“The environmental humanities, by contrast, envision ecological crises fundamentally as questions of socioeconomic inequality, cultural difference, and divergent histories, values, and ethical frameworks” (Ursula K. Heise 2021)
This week was a little different than the others, as I had the pleasure of assisting and presenting at Dr. Sarah Williams’s Hypothes.is workshop on Tuesday and Wednesday, as well as getting to participate in her class seminar and hear the end of her Tuesday lecture. My work this week was also assigned to her students in Forest, Farm, Shellfish Garden: Experiential Learning and were focused on the rise of a new field of study; the Environmental Humanities.

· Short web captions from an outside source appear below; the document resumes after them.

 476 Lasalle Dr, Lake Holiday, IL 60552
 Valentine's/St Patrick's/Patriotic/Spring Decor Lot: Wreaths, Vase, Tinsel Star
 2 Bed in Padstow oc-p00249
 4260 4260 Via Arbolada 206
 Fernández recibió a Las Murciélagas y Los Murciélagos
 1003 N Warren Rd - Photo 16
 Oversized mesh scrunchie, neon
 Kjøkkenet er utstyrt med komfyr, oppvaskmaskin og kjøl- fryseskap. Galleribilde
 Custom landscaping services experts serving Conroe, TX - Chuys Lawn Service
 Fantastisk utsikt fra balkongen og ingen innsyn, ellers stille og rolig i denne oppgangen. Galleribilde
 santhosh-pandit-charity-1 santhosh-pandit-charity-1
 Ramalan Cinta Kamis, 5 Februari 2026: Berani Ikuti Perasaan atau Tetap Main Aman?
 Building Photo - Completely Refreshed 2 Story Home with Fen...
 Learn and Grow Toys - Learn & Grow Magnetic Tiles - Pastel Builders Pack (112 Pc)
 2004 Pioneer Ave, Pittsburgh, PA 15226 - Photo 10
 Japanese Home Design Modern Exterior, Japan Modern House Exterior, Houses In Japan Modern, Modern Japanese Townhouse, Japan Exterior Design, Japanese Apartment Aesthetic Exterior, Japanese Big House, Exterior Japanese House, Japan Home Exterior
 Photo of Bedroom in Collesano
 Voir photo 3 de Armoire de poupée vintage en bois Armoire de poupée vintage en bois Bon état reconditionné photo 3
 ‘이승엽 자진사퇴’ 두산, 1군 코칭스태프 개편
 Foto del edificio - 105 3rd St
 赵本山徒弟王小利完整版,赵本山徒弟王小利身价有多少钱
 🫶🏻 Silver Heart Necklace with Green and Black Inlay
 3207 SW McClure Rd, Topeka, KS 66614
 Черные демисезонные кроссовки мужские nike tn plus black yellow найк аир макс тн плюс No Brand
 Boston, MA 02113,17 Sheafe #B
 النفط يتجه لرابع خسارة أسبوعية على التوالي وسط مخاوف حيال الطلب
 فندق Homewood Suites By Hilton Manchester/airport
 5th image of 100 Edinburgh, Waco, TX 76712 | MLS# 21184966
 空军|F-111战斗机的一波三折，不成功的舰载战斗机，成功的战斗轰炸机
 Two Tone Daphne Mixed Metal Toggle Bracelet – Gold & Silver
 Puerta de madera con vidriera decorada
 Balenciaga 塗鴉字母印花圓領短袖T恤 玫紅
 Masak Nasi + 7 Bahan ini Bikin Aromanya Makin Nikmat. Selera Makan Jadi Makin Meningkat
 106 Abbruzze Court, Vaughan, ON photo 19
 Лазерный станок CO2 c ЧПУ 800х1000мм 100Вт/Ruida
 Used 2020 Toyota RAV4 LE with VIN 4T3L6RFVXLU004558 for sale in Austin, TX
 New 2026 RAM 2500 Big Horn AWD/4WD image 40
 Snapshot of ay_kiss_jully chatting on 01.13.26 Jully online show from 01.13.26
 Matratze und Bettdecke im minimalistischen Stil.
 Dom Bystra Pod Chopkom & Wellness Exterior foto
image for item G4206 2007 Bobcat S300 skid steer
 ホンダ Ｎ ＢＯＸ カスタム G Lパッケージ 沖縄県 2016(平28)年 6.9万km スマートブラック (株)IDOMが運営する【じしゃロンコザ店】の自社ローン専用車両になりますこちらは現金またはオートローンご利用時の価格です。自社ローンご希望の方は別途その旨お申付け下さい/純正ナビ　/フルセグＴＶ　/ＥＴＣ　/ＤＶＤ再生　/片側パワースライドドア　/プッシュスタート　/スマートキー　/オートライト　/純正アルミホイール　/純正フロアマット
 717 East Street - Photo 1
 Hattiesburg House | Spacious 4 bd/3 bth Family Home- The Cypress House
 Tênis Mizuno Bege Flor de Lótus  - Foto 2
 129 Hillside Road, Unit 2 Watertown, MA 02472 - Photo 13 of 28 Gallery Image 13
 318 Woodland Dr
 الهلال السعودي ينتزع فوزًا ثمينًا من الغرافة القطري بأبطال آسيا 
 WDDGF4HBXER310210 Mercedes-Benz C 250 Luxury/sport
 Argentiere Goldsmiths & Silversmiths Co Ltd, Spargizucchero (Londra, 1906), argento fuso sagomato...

Environmental Humanities is the interdisciplinary, cross-genre study of the natural environment, focused on collaborative discussions for solutions and crossing the divide between the sciences and the humanities. Much of the research and readings I have done, not just in this class but over my last year with Dr. Williams, has fallen under this umbrella, and I am especially curious as I am starting to familiarize myself with the world of academia.
The two texts that I read alongside the class were The Cambridge Environmental Humanities Introduction and The Routledge Introduction to the Environmental Humanities both of which detail the authors’ views of the purpose of expanding to this specification, and the ways in which the environmental humanities can better us as a species if we chose to follow it’s theories.
I particularly connected with this quote from The Routledge Introduction to the Environmental Humanities
“But as the sociologist Kari Norgaard, the philosopher Dale Jamieson, and the climatologist Mike Hulme, among others, have shown, simple insistence on the scientific facts remains politically ineffective when it is disconnected from the political, social, cultural, affective, and rhetorical forms that the climate problem takes in different communities”
As I noted in my annotation, I have a few years of political organizing experience, a profession I fully intend to return to after college, and this really reminds me of voter engagement rhetoric. When you’re working in elections you have two main goals, getting voters to like your candidate, and getting voters to vote for your candidate. Obviously, there are goals underneath this umbrella that meet the everyday campaign life expectations but all with the overarching goal of getting a voter to put effort and time into something they don’t have to do.
Climate change action and policy advocacy will have to be driven by similar methods that are used to encourage voters. Narrative and storytelling are key aspects of campaigning, making people feel connected to a candidate will motivate them to complete the task that the candidate asks of them. The environmental humanities acknowledge the much needed human emotion aspect of climate policy as current election organizing strategies do.
I also got to develop a small presentation of my ILC work so far this quarter which ran about 10 minutes. I was so excited to get a chance to present about the work that I’ve been doing, especially to people who have some context as to what I am working on. I presented some work that I did in Spring talking about a Stuart Hall quote in one of our earlier readings. I used a map to show my personal history with Lancashire County and how close to it I was born, and my personal experiences with not truly understanding the roots and colonial history of what I had leaned to be a British staple, tea. I got some good engagements with Sarahs students after and I am really hoping to get to do some more work with them in the future, and hopefully write it into my ILC for Winter.